- **DATASET**
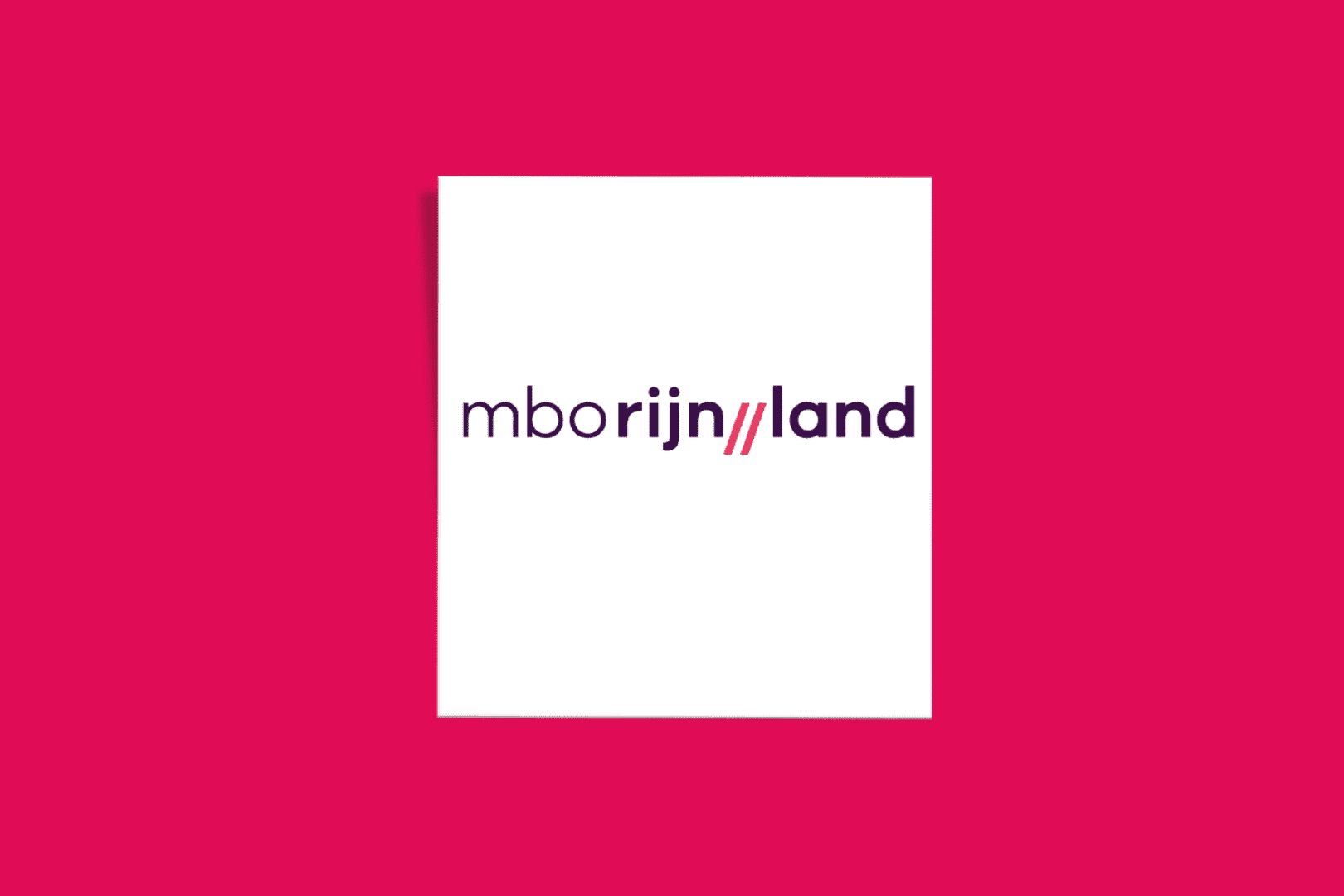MBO Rijnland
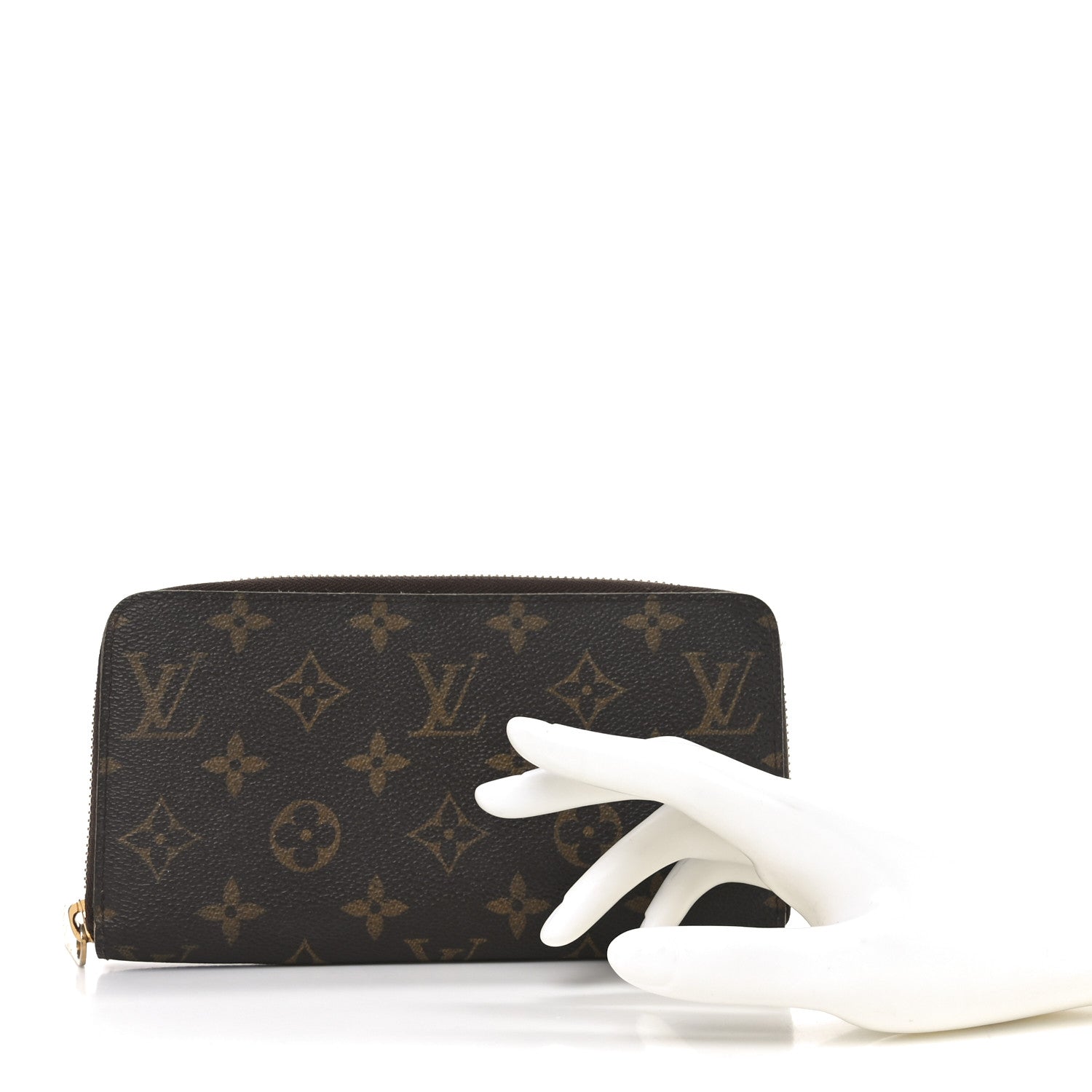 Monogram Zippy Wallet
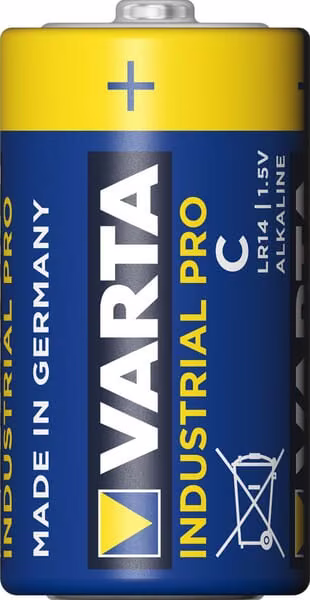 Батарейки C/LR14 1.5V VT4014211111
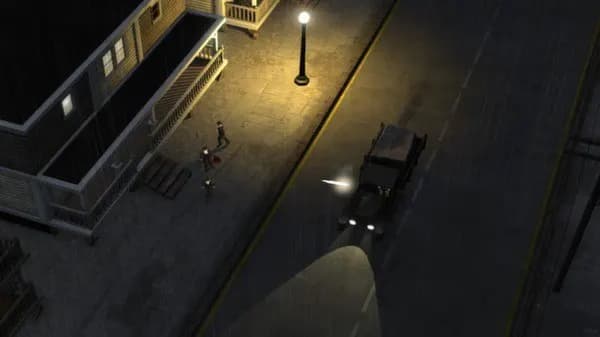 OMERTA - CITY OF GANGSTERS Steam — zrzut ekranu 4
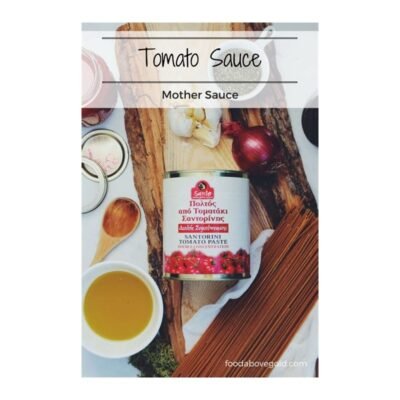 Mothers Tomato Sauce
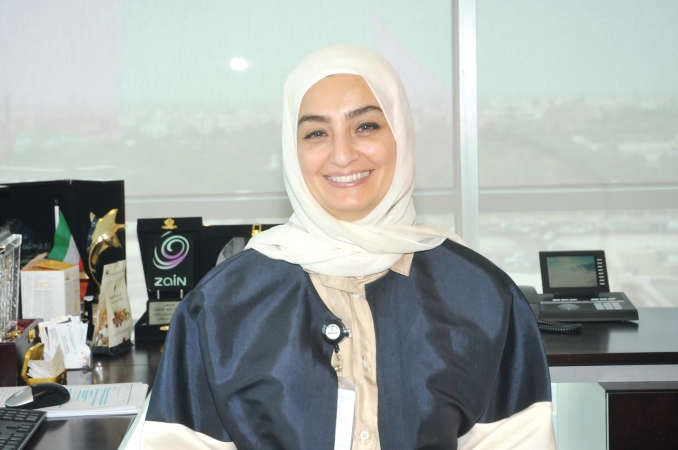 خلود الشهاب﻿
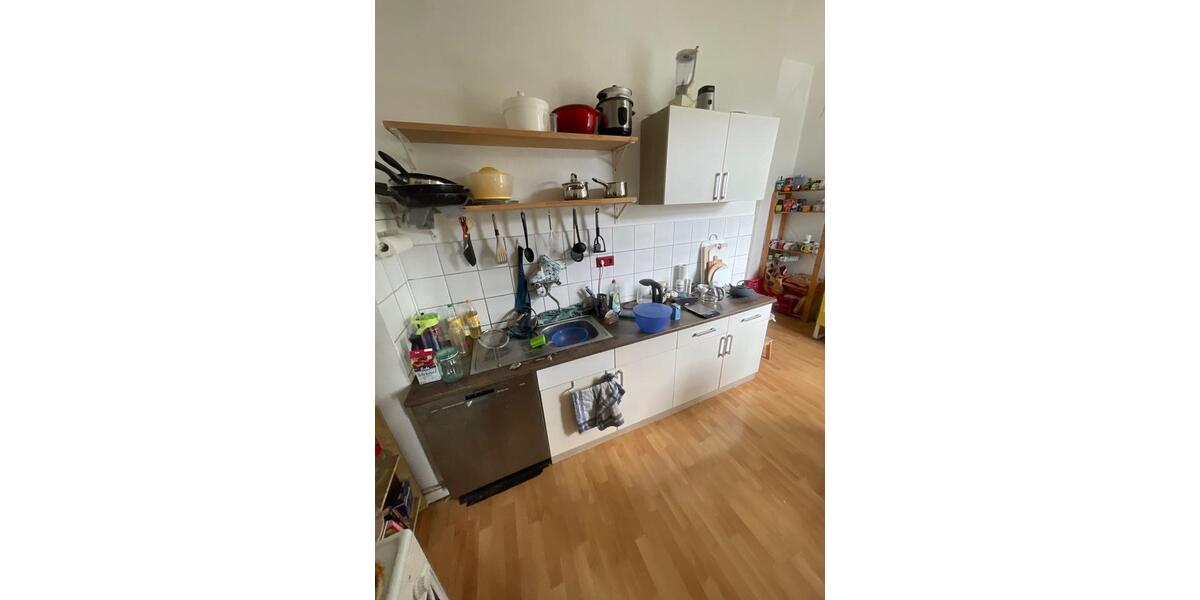 Etagenwohnung Dortmund Innenstadt Nord - 2.5 Zimmer, 57 m&sup2;, 570&euro; | Angebot:26600509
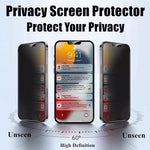 Load image into Gallery viewer, 3PCS Privacy Screen Protector For iPhone 14 PRO MAX Anti-Spy - BestShop
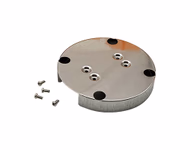 Compatible Mental Disc with 4 screws (comparable to Edan, used for MS3-109301(D),02 01 210256 ) 1 kit/bag SKU: KLF-015-01A
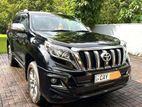 Toyota Land Cruiser Prado G Frontier 2017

- **WORK TASK**
Repeat the lines from the line containing "Etagenwohnung Dortmund Innenstadt" through the end of the material above exactly, with no pictures and nothing else.

- **ANSWER FOR THE TASK**
 Etagenwohnung Dortmund Innenstadt Nord - 2.5 Zimmer, 57 m&sup2;, 570&euro; | Angebot:26600509
 Load image into Gallery viewer, 3PCS Privacy Screen Protector For iPhone 14 PRO MAX Anti-Spy - BestShop
 Compatible Mental Disc with 4 screws (comparable to Edan, used for MS3-109301(D),02 01 210256 ) 1 kit/bag SKU: KLF-015-01A
 Toyota Land Cruiser Prado G Frontier 2017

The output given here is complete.